After spending the past several weeks looking at common exclusions to the all-risk policy, this week’s blog will focus on more basic requirements that must be met in order for coverage to exist. Some will seem very straightforward, but others actually raise interesting legal issues when the right circumstances arise.

One of the most basic requirements – other than proving an insurance policy was in place – is to show that the damage suffered is covered by the policy. Most courts agree that the burden is on the policyholder to prove a loss is within the scope of the insuring agreement. However, once that burden is met, the burden shifts to the insurer to show that an exclusion applies or that the policyholder failed to comply with a policy requirement.

Another basic requirement is that the damage or loss be physical in nature — there must be some physical change to the insured property. While this may seem straightforward at first glance, interesting issues may arise.

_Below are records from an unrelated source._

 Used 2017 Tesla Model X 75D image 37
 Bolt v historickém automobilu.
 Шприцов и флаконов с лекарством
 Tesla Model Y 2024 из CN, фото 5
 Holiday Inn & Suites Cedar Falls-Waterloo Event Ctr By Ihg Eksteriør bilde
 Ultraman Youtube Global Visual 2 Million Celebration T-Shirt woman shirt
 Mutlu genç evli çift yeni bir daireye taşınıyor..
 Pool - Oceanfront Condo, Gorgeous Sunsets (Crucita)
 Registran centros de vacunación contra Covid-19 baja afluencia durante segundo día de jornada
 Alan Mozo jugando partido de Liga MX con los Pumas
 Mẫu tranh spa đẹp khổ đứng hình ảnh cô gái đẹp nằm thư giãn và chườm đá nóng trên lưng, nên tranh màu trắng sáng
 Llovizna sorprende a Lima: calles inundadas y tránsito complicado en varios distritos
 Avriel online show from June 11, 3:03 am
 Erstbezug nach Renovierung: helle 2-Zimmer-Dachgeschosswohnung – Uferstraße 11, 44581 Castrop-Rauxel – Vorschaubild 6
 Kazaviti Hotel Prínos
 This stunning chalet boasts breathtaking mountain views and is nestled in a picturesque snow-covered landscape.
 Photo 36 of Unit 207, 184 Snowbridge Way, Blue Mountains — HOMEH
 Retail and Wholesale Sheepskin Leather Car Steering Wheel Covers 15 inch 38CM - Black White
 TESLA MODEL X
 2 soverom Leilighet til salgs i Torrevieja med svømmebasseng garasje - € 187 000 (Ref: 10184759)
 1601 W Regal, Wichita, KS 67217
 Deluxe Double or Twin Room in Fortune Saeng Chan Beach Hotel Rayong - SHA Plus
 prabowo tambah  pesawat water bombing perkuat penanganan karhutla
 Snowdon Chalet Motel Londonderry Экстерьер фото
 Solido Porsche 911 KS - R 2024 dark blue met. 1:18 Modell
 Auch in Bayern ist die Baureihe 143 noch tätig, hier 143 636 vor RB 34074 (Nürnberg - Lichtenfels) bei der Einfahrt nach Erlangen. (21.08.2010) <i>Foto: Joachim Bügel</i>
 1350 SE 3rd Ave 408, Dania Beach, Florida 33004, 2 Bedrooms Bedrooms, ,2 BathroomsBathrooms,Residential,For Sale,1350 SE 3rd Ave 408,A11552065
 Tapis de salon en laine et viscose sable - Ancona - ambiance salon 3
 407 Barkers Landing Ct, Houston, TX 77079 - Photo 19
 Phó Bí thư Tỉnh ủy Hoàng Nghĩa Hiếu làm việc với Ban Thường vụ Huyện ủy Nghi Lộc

Take, for example, Fujii v. State Farm Fire & Cas. Co., 71 Wash. App. 248 (1993). In this case, heavy rainfall caused a landslide near the Fujii’s home. The landslide caused continued instability of the slope on which the Fujii’s home was built, so they filed a claim under their homeowners insurance policy. State Farm denied coverage because no direct physical loss had occurred to the dwelling. Experts from both sides agreed that physical damage was imminent, but that no damage to the house, itself, had occurred.

The court stated,

It is undisputed that there was no discernable physical damage to the dwelling during the effective period of the policy….Under the plain terms of the policy, coverage was triggered by direct physical loss to the dwelling….Therefore, because the covered dwelling did not sustain a direct physical loss during the effective period of the policy, the trial court correctly granted summary judgment to State Farm.

Unfortunately, this put the Fujiis in a bad situation. They had just changed insurance carriers and due to the fortuity doctrine, which states that insurance companies should not be held liable for known losses, expected or intended losses, or losses that are certain to occur, they may not be able to recover from their current insurance provider as well.